▸ ACTIVITY
All that belongs in the answer is the lines from the one containing "Desodorante en Aerosol" to the end of the listing below, copied exactly, pictures excluded.

▸ COLLECTED MATERIAL
* * *

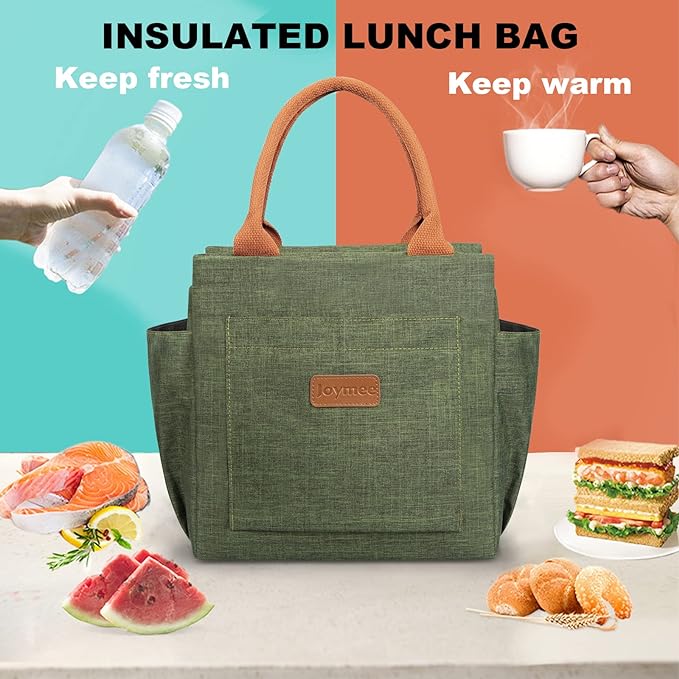 Joymee Lunch Bag Women Insulated Lunch Box Reusable Leakproof Large Spacious Cooler Tote for Womens Mens Adults with Bottle Holder and Side Pockets for Work Office Travel Picnic - Green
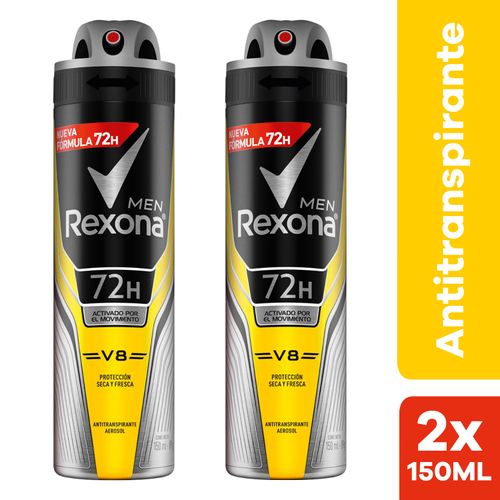 Desodorante en Aerosol para Hombre REXONA V8 Frasco 150ml Paquete 2un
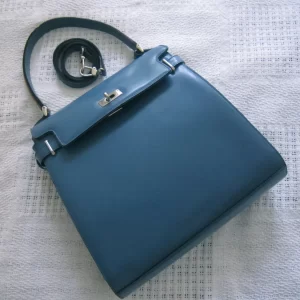 A.Testoni Blue Satchel Signature Leather Handbag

* * *

▸ RESPONSE TO THIS TASK
 Desodorante en Aerosol para Hombre REXONA V8 Frasco 150ml Paquete 2un
 A.Testoni Blue Satchel Signature Leather Handbag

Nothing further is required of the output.